We are then led into what is the grand finale, so to speak. The main soundstage, the room where Prince held many gigs and events. The ‘Rave Unto The Year 2000’ concert DVD was filmed here, as well as many of his promo videos. In this room, on several raised stages are more stage costumes and guitars from the last 10 years of his life. The matching suits and Stratocasters from the ‘Musicology’ period, including the red suit and strat he played at the Monterey Jazz Festival, it’s all here. Even two of the cars he could regularly be seen driving around town are parked in here, a purple Plymouth Prowler and a sky blue Bentley Continental, it truly is a fanboys wet dream and I freakin’ love it all!

Leading from this is the nightclub where Prince hosted parties well into the night. We are led to one of the private seating areas and our host tells us stories of how he would sometimes appear from the stairs behind and how he would get up and DJ and sometimes he would invite people to go watch a movie with him at the local cinema.

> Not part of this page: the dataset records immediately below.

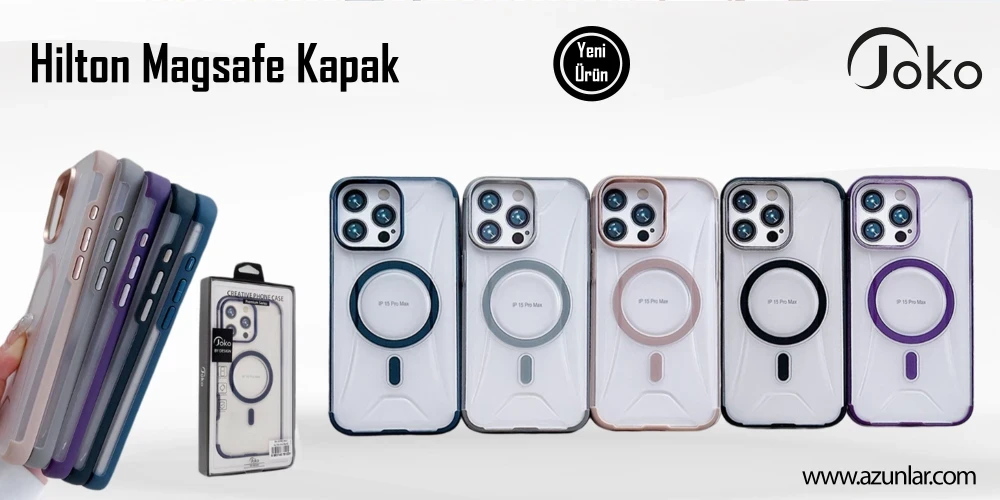 Hilton Magsafe Kapak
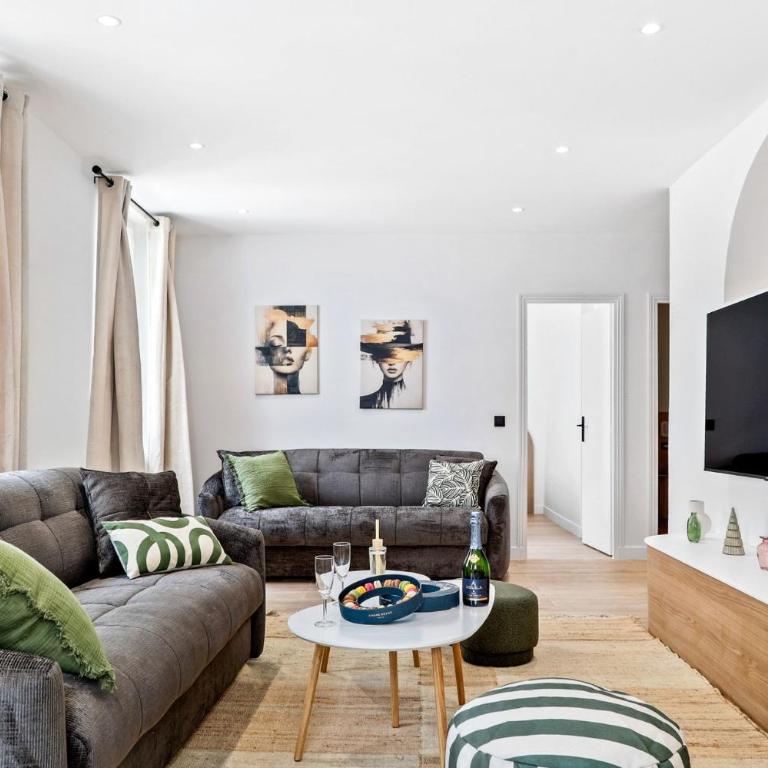 TheBlueStay 266 - Stunning AC Apartment - Appartement - 1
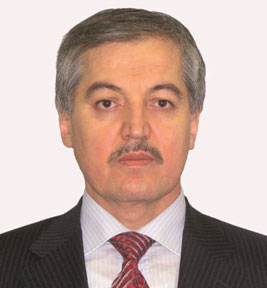 Ambassador Sirodjidin M. Aslov.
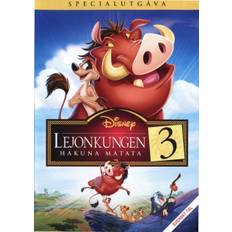 DVD - Lejonkungen 3 - Hakuna Matata (Specialutgåva) (Beg)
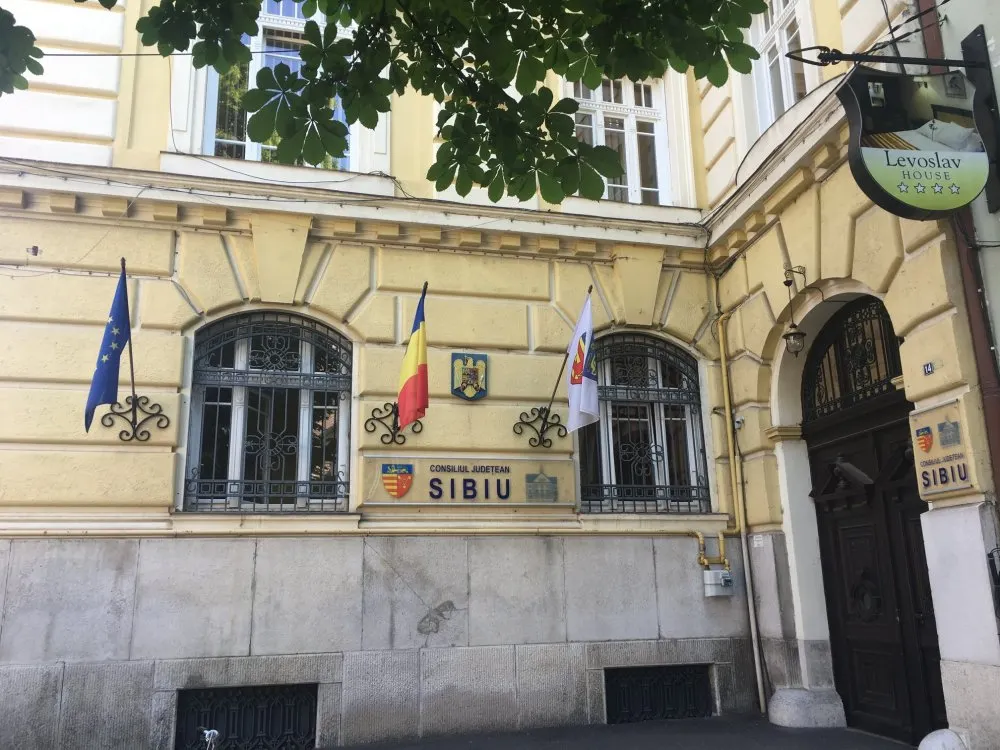 CJ Sibiu scoate la licitație fostul canton de la Cisnădioara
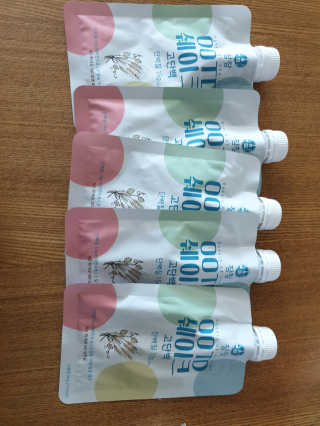 [꾸콤] 참참 OOTD쉐이크 고단백 일주일세트 50g x 5 — 4점을 준 리뷰어가 2020년 10월 올린 사용 사진
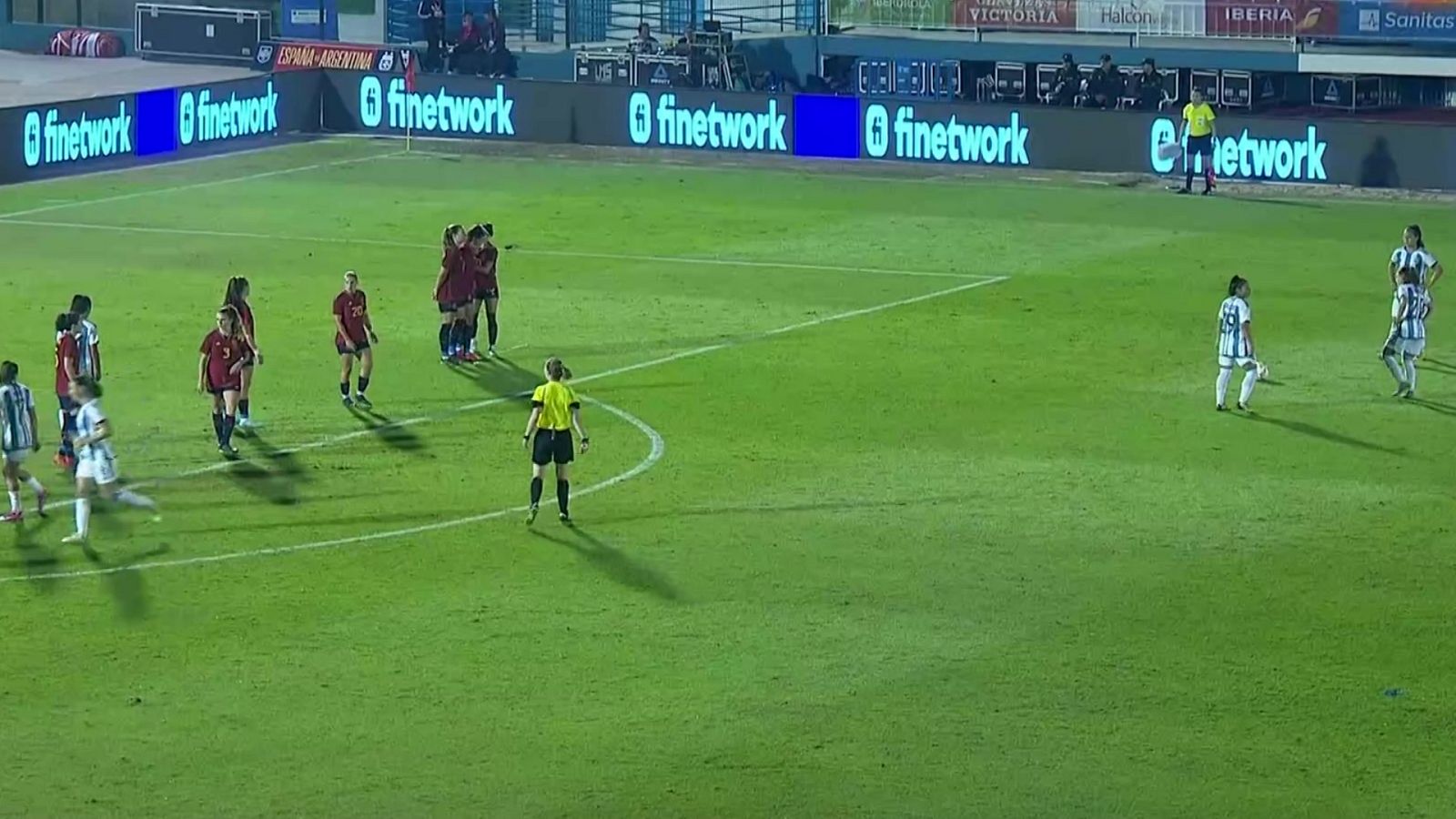 Fútbol - Encuentro amistoso selección femenina: España - Argentina - ver ahora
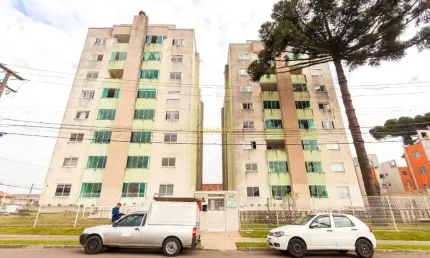 Apartamento com 2 quartos à venda na Rua Paulina Ader, 724, Novo Mundo, Curitiba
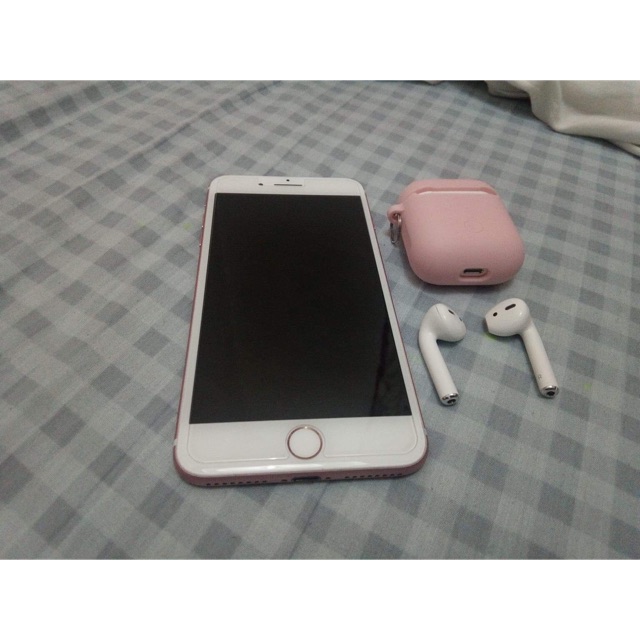 iPhone 7 plus 128Gb with airpods 2nd Gen Shopee Philippines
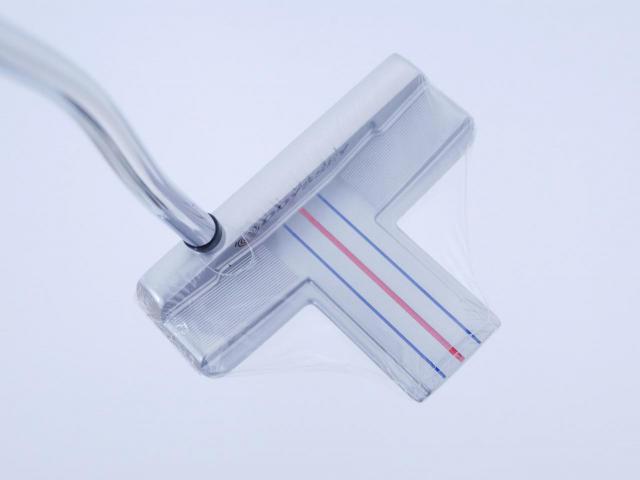 Putter : All : **ของใหม่ ยังไม่แกะพลาสติก** พัตเตอร์ Odyssey White Hot OG BIG-T BLADE ยาว 33 นิ้ว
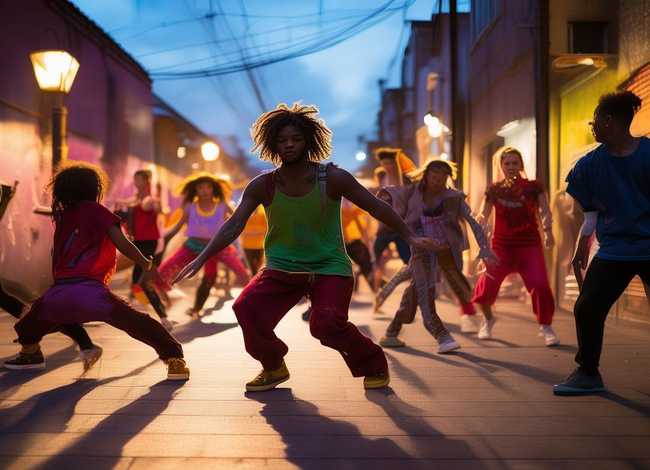 街舞故事情节 - 街舞故事情节简介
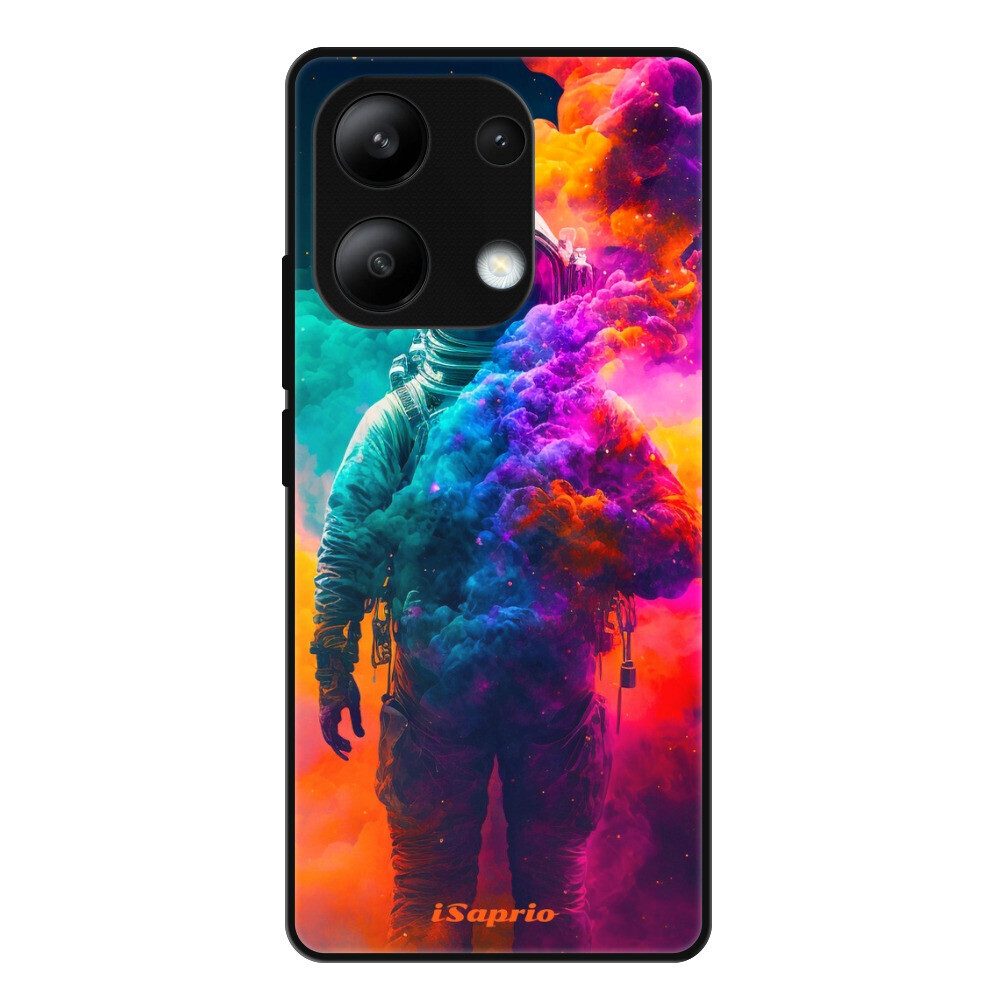 Lesklé puzdro Exclusive iSaprio - Astronaut in Colors - Xiaomi Redmi Note 13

You could spend a small fortune in the merch shop, I went for a mug and a set of plectrums, Sedd bought a baseball shirt and an NPG pin. We learn from our guide that there is an underpass across the road where fans have adorned the walls with messages and tributes in graffiti. We have enough time to go in search. This Mecca, seemingly hidden from the world, is a secret place to go and think, contemplate or grieve, take photos or simply just read the messages of love from fans. Someone has even left a marker so you can add to the tributes…we do.


It’s the perfect end to an experience that exceeded all expectations, and even if the plane goes down on our flight to San Francisco later today, I will raise a smile and think to myself “yeah, it was all worth it”. Although it’s goodbye to Paisley Park and Minneapolis, there will always be a piece of it in my heart now. Our brothers would have loved this, goodbye Minneapolis…hello San Francisco!